My addictions and my obsessions only indicated that I was emotionally vulnerable, that I use to escape people life and situations when I could not cope emotionally .

Today I understand that my addictions and my obsessions were just the symptoms.

The addictions and my obsessions were a form of self abuse, I would work and then give my money away.

I did not see myself as a rat in a wheel going faster and faster getting no where.

How could  think that I loved my addictions and that life was boring.

How could  think that risk taking in every way was fun or exciting.

While I was consumed by the addictions and my obsessions I was escaping and deviating facing myself.

I am a non religious person and feel that people who push religion on to other people has an adverse effect on their recovery.

Sadly in my life the religious people I had experienced were very cruel people who were hypocrites would say one thing and do another.

The trauma in my life adversely affected my ability to learn and absorb education and information.

I lacked the ability to understand logic and reason.

The sooner I moved from telling sad stories and got in to talking about my emotional vulnerability and how to heal and resolve my unhealthy reactions also the sooner my hurt inner child can heal.

Yet one can ask how would recovery help me, it is a very slow healing process.

Due to my addictions and my obsessions it was a form of self abuse when I would hurt myself and people around me.

By abstaining from addictions and my obsessions I was not hurting myself.

Only then could the healing process began.

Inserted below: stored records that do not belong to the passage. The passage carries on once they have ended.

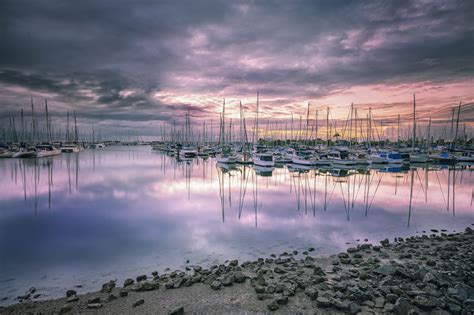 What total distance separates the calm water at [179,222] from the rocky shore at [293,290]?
51.5 inches

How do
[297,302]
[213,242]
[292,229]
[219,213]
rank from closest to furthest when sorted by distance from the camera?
1. [297,302]
2. [213,242]
3. [292,229]
4. [219,213]

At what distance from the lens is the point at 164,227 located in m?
16.3

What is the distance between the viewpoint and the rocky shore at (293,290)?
7055 mm

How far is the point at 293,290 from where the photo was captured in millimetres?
7816

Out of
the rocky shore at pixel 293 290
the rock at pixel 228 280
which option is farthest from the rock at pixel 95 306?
the rock at pixel 228 280

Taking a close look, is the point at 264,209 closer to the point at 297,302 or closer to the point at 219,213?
the point at 219,213

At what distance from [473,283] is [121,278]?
11.1 meters

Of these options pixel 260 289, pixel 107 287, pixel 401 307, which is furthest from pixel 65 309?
pixel 401 307

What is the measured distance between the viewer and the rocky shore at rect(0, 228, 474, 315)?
23.1ft

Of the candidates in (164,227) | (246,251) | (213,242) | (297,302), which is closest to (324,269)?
(297,302)

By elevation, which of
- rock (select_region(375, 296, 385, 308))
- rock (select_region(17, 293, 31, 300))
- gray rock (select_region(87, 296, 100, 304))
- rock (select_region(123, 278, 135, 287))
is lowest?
rock (select_region(17, 293, 31, 300))

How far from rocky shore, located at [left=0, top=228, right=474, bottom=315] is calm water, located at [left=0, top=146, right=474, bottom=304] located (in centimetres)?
131

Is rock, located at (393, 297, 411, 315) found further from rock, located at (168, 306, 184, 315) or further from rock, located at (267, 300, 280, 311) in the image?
rock, located at (168, 306, 184, 315)

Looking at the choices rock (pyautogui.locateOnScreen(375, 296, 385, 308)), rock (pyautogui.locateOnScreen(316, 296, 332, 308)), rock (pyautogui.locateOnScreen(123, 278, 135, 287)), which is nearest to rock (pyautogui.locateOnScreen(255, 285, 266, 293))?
rock (pyautogui.locateOnScreen(316, 296, 332, 308)) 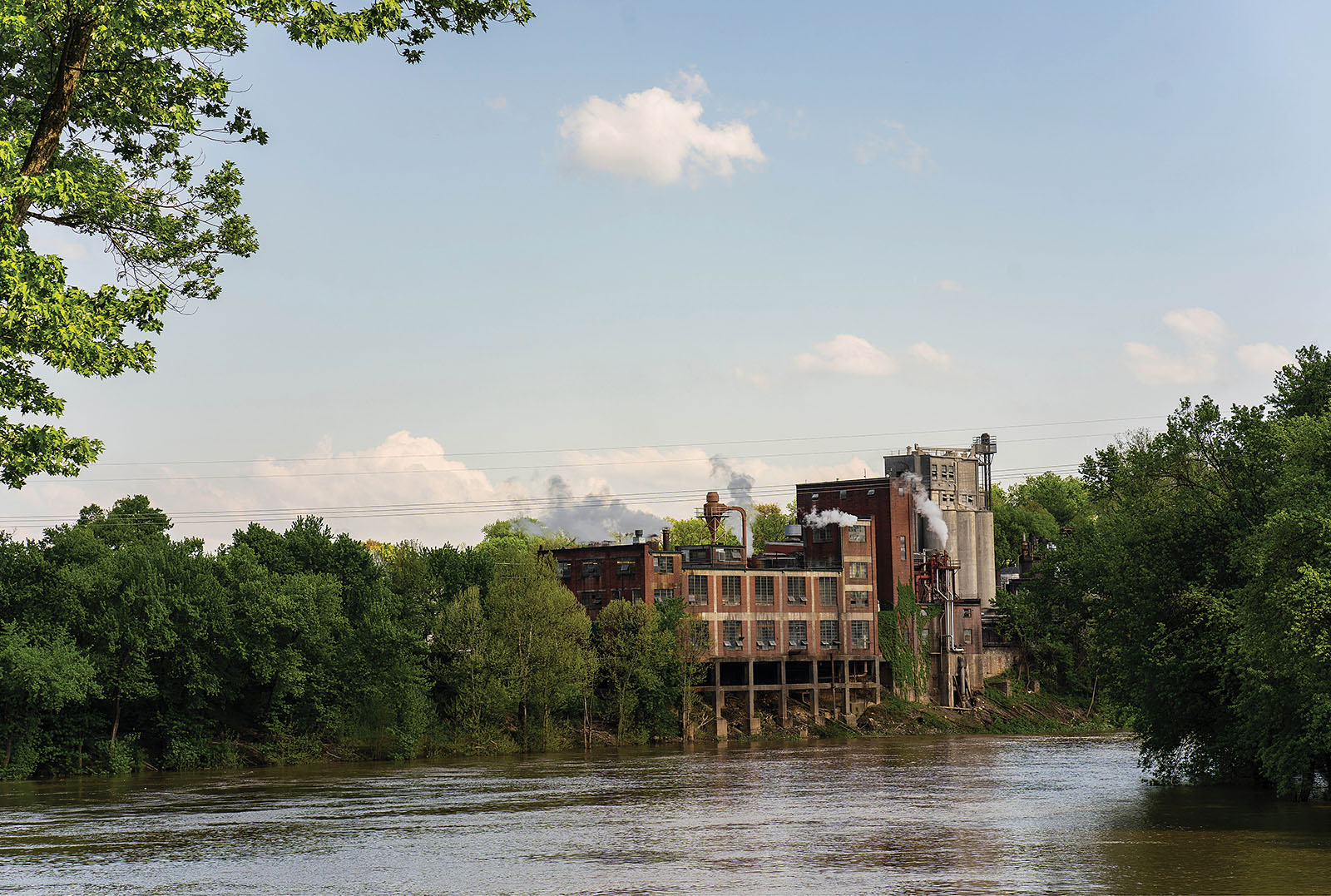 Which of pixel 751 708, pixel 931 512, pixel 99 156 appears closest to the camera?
pixel 99 156

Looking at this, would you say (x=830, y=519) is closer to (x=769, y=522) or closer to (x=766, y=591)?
(x=766, y=591)

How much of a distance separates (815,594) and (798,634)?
3543 mm

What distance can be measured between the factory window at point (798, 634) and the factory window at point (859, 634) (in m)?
4.55

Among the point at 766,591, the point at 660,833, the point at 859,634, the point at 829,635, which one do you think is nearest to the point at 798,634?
the point at 829,635

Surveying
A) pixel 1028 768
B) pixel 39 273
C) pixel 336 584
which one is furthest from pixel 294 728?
pixel 39 273

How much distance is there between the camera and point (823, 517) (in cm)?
10606

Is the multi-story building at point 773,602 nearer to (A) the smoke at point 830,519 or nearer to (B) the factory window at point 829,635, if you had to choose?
(B) the factory window at point 829,635

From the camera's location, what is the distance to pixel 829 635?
336ft

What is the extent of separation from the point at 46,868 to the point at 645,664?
55170 millimetres

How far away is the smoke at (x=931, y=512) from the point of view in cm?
11844

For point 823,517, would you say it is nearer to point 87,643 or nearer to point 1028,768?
point 1028,768

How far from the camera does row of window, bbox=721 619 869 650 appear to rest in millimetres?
96500

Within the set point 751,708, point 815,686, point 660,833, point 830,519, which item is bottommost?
point 751,708

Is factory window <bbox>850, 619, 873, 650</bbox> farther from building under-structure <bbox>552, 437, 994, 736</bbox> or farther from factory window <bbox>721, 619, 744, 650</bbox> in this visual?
factory window <bbox>721, 619, 744, 650</bbox> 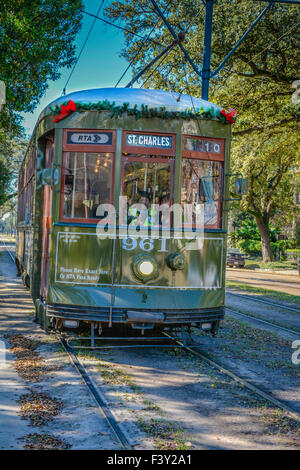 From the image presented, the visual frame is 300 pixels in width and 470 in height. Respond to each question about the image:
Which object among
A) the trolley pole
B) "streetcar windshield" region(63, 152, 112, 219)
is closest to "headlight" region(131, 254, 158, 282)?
"streetcar windshield" region(63, 152, 112, 219)

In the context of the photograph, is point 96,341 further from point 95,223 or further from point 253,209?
point 253,209

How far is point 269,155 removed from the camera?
88.2ft

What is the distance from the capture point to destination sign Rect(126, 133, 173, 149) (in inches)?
286

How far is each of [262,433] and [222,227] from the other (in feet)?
11.7

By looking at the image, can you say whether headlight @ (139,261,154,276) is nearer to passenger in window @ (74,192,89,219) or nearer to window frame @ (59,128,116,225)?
window frame @ (59,128,116,225)

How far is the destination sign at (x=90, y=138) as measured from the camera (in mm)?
7273

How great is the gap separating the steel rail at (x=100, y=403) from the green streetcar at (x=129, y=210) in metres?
0.52

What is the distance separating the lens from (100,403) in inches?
215

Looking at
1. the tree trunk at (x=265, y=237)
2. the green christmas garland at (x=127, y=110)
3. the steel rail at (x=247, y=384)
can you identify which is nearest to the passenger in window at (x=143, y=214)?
the green christmas garland at (x=127, y=110)

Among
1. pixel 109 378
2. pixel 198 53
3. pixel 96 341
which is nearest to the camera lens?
pixel 109 378

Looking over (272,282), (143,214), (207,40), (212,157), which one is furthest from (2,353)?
(272,282)

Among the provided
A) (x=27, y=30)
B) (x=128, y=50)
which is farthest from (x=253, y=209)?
(x=27, y=30)

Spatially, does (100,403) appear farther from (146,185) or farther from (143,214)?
(146,185)

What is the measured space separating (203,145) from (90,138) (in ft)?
5.32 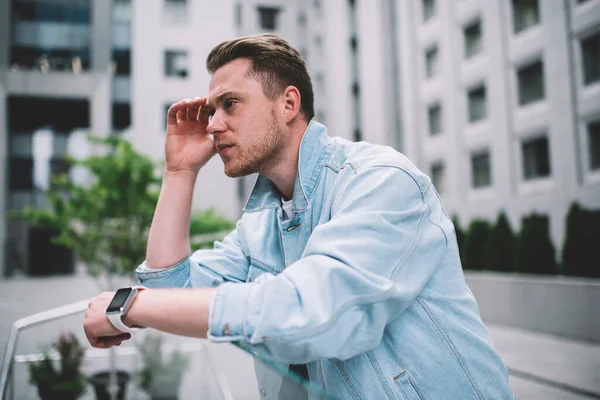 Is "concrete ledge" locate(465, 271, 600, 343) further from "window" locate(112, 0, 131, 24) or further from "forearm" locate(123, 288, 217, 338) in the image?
"window" locate(112, 0, 131, 24)

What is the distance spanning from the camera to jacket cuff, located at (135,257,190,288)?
1.48 m

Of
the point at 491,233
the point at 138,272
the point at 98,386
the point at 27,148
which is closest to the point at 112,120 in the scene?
the point at 27,148

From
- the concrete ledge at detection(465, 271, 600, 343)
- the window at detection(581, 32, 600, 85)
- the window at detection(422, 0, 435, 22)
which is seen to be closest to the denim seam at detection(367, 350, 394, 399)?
the concrete ledge at detection(465, 271, 600, 343)

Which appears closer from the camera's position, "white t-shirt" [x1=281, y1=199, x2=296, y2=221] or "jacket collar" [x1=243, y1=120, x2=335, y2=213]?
"jacket collar" [x1=243, y1=120, x2=335, y2=213]

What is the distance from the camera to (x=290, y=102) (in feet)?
4.77

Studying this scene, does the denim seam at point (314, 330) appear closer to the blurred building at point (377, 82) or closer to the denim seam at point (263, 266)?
the denim seam at point (263, 266)

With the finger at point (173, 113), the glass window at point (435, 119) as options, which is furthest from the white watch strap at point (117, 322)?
the glass window at point (435, 119)

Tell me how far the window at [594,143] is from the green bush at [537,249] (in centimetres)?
407

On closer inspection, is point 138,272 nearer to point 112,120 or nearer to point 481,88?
point 481,88

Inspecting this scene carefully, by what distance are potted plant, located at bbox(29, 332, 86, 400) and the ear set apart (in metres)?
1.43

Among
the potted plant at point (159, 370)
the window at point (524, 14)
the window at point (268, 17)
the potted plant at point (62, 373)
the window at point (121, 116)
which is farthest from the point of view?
the window at point (268, 17)

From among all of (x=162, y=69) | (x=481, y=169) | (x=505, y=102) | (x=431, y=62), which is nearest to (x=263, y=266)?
(x=505, y=102)

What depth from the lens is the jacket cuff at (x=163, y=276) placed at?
148 cm

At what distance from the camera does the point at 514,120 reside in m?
14.8
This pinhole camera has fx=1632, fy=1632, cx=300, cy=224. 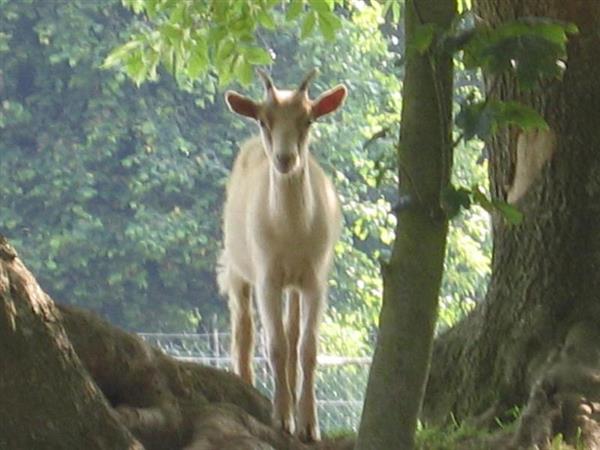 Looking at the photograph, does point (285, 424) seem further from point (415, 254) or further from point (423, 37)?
point (423, 37)

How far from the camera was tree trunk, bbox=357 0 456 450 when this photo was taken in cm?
527

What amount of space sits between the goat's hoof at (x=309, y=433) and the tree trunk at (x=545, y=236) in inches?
22.7

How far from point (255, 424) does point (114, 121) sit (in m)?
14.0

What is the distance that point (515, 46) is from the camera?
4410 mm

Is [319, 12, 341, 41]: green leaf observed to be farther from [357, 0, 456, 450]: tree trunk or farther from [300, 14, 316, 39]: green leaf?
[357, 0, 456, 450]: tree trunk

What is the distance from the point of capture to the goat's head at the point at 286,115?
748 centimetres

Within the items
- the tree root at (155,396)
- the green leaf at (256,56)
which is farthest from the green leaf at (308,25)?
the tree root at (155,396)

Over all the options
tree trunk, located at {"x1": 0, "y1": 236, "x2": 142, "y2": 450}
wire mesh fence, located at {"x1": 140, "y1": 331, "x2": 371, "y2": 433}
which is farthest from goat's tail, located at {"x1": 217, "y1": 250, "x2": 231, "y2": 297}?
tree trunk, located at {"x1": 0, "y1": 236, "x2": 142, "y2": 450}

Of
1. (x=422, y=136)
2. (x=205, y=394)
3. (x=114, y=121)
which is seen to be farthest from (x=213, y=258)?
(x=422, y=136)

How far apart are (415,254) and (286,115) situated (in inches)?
96.4

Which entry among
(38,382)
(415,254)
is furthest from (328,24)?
(38,382)

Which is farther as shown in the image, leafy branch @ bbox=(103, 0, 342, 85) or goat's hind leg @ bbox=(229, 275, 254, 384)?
goat's hind leg @ bbox=(229, 275, 254, 384)

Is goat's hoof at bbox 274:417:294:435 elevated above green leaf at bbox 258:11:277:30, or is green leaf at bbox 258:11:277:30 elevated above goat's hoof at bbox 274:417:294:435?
green leaf at bbox 258:11:277:30

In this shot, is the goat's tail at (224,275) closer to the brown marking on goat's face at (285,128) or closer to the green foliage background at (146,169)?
the brown marking on goat's face at (285,128) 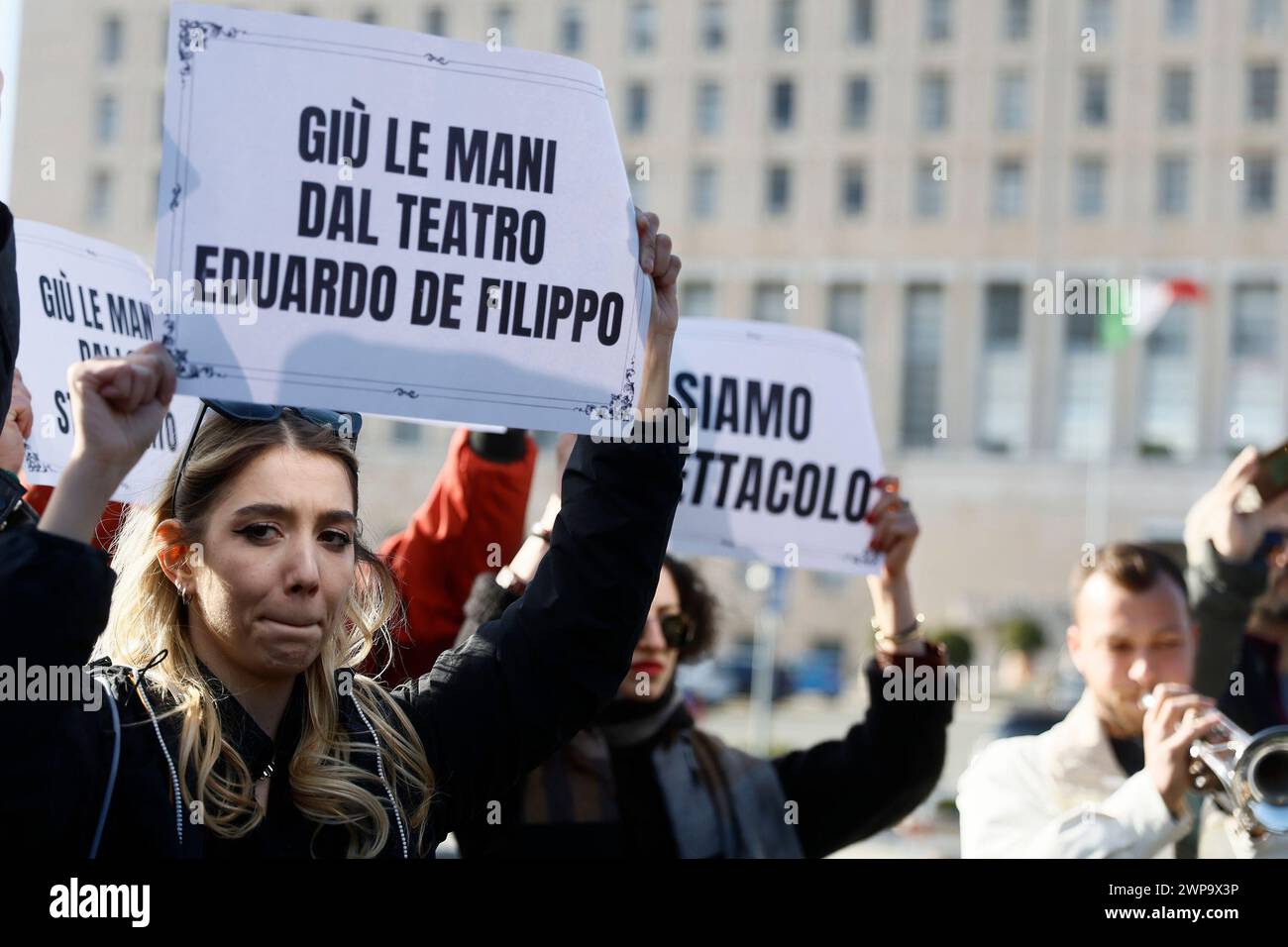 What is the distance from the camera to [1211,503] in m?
3.54

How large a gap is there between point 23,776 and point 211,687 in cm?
39

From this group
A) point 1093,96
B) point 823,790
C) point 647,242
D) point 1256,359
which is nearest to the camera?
point 647,242

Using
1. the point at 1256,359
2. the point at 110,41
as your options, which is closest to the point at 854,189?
the point at 1256,359

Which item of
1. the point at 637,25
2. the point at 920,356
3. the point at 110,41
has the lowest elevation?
the point at 920,356

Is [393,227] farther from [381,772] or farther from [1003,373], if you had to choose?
[1003,373]

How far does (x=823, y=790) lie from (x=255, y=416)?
1.61 m

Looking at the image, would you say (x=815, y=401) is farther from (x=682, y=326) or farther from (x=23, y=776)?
(x=23, y=776)

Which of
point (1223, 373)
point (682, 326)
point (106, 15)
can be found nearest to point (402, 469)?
point (106, 15)

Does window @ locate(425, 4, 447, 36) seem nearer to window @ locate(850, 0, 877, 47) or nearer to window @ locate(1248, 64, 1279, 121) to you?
window @ locate(850, 0, 877, 47)

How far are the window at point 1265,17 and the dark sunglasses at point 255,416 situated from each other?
1920 inches

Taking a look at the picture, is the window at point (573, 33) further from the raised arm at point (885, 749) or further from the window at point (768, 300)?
the raised arm at point (885, 749)

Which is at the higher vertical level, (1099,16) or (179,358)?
(1099,16)

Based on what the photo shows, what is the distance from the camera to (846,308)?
160 feet

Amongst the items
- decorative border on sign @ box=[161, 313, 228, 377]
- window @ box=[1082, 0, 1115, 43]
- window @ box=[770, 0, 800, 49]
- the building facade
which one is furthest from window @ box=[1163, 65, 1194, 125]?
decorative border on sign @ box=[161, 313, 228, 377] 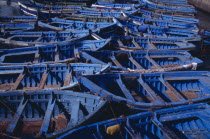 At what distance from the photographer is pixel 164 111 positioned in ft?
19.4

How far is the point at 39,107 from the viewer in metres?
6.55

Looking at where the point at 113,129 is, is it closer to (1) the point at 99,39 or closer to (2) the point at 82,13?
(1) the point at 99,39

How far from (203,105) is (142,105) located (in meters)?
1.96

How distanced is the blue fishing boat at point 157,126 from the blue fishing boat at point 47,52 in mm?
4433

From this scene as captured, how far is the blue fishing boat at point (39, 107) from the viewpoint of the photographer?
20.1 ft

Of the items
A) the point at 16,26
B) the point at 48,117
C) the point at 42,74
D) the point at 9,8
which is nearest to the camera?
the point at 48,117

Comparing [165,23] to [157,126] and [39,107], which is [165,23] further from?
[39,107]

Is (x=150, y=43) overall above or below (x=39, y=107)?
above

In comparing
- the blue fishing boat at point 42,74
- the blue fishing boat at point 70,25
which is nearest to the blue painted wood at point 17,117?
the blue fishing boat at point 42,74

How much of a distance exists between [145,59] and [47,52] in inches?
192

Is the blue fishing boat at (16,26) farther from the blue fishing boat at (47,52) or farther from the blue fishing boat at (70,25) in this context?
the blue fishing boat at (47,52)

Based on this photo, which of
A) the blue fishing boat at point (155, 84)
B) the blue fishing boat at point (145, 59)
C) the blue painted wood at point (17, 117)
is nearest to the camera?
the blue painted wood at point (17, 117)

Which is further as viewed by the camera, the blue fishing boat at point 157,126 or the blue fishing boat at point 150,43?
the blue fishing boat at point 150,43

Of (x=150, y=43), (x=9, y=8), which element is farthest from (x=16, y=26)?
(x=9, y=8) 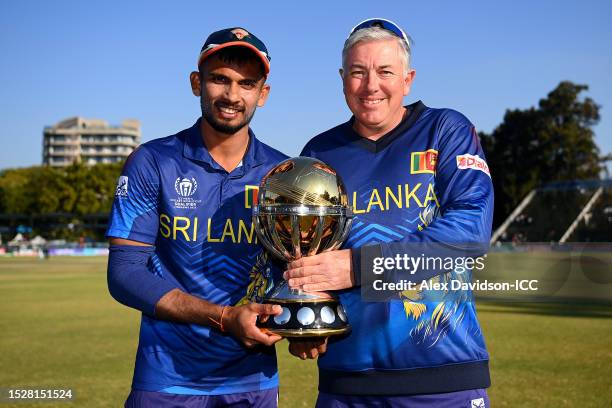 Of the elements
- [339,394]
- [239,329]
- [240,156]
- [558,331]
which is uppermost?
[240,156]

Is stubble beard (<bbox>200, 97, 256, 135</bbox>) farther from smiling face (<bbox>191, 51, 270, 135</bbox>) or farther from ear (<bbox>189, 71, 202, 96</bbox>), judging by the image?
ear (<bbox>189, 71, 202, 96</bbox>)

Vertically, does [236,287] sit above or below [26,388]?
above

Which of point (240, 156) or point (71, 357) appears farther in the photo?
point (71, 357)

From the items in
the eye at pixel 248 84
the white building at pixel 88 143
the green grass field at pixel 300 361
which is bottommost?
the green grass field at pixel 300 361

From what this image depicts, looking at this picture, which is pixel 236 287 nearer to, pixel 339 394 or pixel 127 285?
pixel 127 285

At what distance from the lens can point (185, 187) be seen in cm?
369

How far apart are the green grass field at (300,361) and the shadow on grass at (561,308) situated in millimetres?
29

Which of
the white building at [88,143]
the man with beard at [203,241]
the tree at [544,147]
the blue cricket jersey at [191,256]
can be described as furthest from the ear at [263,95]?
the white building at [88,143]

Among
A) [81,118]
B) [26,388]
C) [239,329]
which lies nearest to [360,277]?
[239,329]

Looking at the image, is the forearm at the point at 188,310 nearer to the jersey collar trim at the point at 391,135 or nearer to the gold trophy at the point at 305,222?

I could not trust myself with money.

Ideally I would become emotionally detached from gambling.

The wording I used that I was obsessive, I have to, today it is about what is a need and today it is about what is a want, today it is about what is a goal.

My writing down things is my commitment to myself.

Writing down I stay focused and motivated in healthy ways.

Before my recovery I was not motivated in healthy ways.

I did most things reluctantly and resentfully hence their was no reward from my actions.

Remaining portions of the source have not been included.